Back in February, Netflix CEO Reed Hastings cut a deal with Comcast chief Brian Roberts. Netflix and Comcast’s servers would now communicate directly, so that Netflix’s content isn’t interrupted by bottlenecks on its way to customers. In return, Netflix would pay Comcast for smoothing delivery of its movies and shows.
The deal was arcane but massive in scope — Netflix video content at times accounts for 30% of all worldwide internet traffic.
It was not obvious at the time, however, that the deal actually revealed how weak and vulnerable Netflix is to broadband internet service providers — or how angry Hastings is about it.
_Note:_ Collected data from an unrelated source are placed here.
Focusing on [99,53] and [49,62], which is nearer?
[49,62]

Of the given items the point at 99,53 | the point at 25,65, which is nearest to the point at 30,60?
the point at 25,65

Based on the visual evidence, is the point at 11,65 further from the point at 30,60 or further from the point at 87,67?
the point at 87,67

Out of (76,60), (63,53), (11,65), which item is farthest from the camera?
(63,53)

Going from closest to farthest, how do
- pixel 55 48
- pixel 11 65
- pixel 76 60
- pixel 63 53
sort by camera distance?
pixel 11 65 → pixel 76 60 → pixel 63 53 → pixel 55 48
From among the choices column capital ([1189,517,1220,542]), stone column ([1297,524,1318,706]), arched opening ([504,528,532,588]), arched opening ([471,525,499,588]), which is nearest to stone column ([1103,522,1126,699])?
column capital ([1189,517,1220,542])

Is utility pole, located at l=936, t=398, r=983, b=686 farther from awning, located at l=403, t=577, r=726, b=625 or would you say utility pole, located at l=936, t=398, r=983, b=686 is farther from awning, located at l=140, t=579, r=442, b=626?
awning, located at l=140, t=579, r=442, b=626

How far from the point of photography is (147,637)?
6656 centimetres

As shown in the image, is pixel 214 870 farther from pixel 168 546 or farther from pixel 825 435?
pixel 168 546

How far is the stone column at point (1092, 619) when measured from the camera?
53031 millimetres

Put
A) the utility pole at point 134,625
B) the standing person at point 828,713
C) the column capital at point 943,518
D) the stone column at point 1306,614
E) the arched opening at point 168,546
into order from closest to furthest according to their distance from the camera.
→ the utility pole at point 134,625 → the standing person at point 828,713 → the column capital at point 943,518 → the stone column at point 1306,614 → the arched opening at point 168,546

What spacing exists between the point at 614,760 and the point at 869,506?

The deal was no run the of the mill contract signing, either — Hastings and Roberts reportedly met in person at CES, the big computer trade show in Las Vegas, to seal it.
Yesterday, Hastings used his Q1 earnings call to blast Roberts’ plans to acquire Time Warner Cable — a deal Comcast desperately needs to shore up its superior position in a market riven with uncertainty due to “cord-cutters” turning their backs on paid TV subscriptions. In a note to investors favouring “strong net-neutrality,” Hastings called the Comcast-Time Warner deal an unacceptable accumulation of monopoly power, and cited the deal he had struck with Roberts as an example of that abuse. If Comcast wasn’t forced to obey the principles of “net neutrality,” he argued, it would have the power to charge companies and consumers different fees for different levels of access to the web:
The Internet faces a long term threat from the largest ISPs driving up profits for themselves and costs for everyone else …
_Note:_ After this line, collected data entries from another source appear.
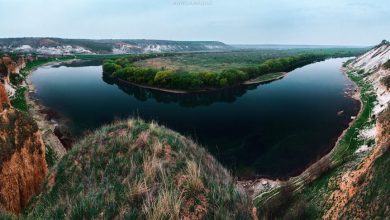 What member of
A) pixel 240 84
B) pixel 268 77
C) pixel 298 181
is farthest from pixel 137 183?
pixel 268 77

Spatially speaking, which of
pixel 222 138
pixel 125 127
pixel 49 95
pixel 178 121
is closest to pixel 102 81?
pixel 49 95

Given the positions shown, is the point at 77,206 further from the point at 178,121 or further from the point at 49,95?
the point at 49,95

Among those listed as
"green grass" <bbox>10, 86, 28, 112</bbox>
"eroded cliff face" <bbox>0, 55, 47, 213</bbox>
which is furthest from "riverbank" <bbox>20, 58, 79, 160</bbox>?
"eroded cliff face" <bbox>0, 55, 47, 213</bbox>

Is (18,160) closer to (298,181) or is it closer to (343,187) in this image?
(343,187)

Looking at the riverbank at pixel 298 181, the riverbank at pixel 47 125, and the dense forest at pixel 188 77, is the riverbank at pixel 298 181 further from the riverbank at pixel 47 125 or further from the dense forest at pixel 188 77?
the dense forest at pixel 188 77

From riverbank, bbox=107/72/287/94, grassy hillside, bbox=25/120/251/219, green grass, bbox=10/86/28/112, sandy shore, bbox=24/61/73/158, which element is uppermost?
grassy hillside, bbox=25/120/251/219

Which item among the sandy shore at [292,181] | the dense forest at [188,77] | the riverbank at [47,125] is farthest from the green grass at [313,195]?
the dense forest at [188,77]

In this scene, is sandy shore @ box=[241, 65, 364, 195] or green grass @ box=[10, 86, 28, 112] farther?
green grass @ box=[10, 86, 28, 112]

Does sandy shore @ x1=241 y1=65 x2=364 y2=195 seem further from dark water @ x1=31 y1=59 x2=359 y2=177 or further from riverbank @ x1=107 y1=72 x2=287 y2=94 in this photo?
riverbank @ x1=107 y1=72 x2=287 y2=94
… Comcast is already dominant enough to be able to capture unprecedented fees from transit providers and services such as Netflix. The combined company would possess even more anti-competitive leverage to charge arbitrary interconnection tolls for access to their customers. For this reason, Netflix opposes this merger.
Comcast didn’t wait any time to get its rebuttal in. In a blog post, the company all but called Hastings a liar:
Netflix is free to express its opinions. But they should be factually based. And Netflix should be transparent that its opinion is not about protecting the consumer or about Net Neutrality. Rather, it’s about improving Netflix’s business model by shifting costs that it has always borne to all users of the Internet and not just to Netflix customers.
The spat appears to have come about because, after Netflix paid Comcast, Comcast failed to join Netflix in its position favouring “strong” net neutrality. Back in March, Hastings had called out Comcast by name, again citing their deal. He even compared Comcast unfavorably to Cablevision, a rival:
Some major ISPs, like Cablevision, already practice strong net neutrality and for their broadband subscribers, the quality of Netflix and other streaming services is outstanding. But on other big ISPs, due to a lack of sufficient interconnectivity, Netflix performance has been constrained, subjecting consumers who pay a lot of money for high-speed Internet to high buffering rates, long wait times and poor video quality.
Netflix believes strong net neutrality is critical, but in the near term we will in cases pay the toll to the powerful ISPs to protect our consumer experience. When we do so, we don’t pay for priority access against competitors, just for interconnection. A few weeks ago, we agreed to pay Comcast and our members are now getting a good experience again. Comcast has been an industry leader in supporting weak net neutrality, and we hope they will support strong net neutrality as well.
The battle Hastings is fighting is poorly understood. Back in February when the two companies struck their deal, many concluded that it didn’t impact the net neutrality debate. The bottlenecks in Netflix’s traffic had been occurring at the level of internet backbone providers, traffic management companies that few people outside the industry have ever heard of like Cogent and Level 3. The Comcast deal looked like more of a workaround.
But since then Hastings has repeatedly pointed out that if Netflix can be forced to pay for superior access to its customers, then everyone else might be, too. For Hastings, this isn’t simply a workaround, it’s an existential threat to any company that becomes big enough to draw the attention of internet service providers. And by moving huge companies into direct contact with ISPs, it reduces the importance of the backbone companies that used to manage traffic on the net. This would rearrange the landscape of the web, as The Economist put it:
The Netflix/Comcast agreement effectively re-draws the model for internet provision in the US, and ends years of dispute between internet companies and service providers over who should shoulder the responsibility of paying to upgrade the country’s internet infrastructure. Crucially, it puts ISPs and content providers in direct contact with each other, threatening the future business of backbone internet providers such as Cogent.
Although this is not the first time that Netflix has secured a direct link agreement with a broadband provider (it has sealed agreements with smaller operators in the past, such as Cablevision Systems), the key difference this time around is that Comcast has demanded payment. And by convincing Netflix to shoulder the cost, not only does this give already-dominant US ISPs such as Verizon and Comcast significantly more leverage over pipeline infrastructure investment negotiations, it also puts them in primary position to decide whether they wish to engage in discriminatory practices when it comes to handling content provider data.
One example of that leverage? After Netflix agreed to pay Comcast to deliver its traffic, delivery speeds did indeed increase (chart below). In other words, Comcast extracted its fee and demonstrated its power … and Hastings doesn’t like it one bit.